About this task. In the entries below, find the line with "口腔内スキャナー「iTero」を使用目立たず負担の少ないマウスピース矯正に対応" and the line with "발톱무좀 Bee Venom". Return those two lines and all lines between them, exactly.

Supplied information.
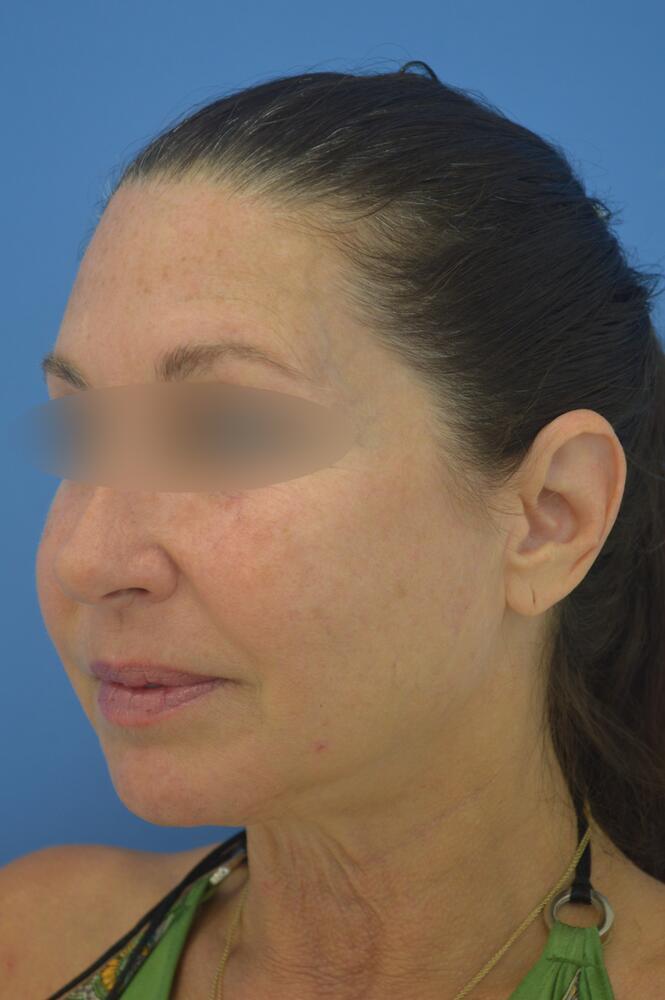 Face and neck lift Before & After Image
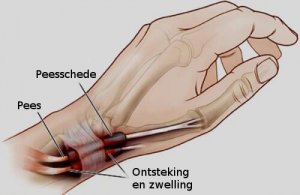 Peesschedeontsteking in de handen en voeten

...

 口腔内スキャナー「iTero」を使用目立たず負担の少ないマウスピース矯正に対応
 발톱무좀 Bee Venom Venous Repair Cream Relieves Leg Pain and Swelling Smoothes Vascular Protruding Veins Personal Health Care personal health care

Solved exercise.
 口腔内スキャナー「iTero」を使用目立たず負担の少ないマウスピース矯正に対応
 발톱무좀 Bee Venom Venous Repair Cream Relieves Leg Pain and Swelling Smoothes Vascular Protruding Veins Personal Health Care personal health care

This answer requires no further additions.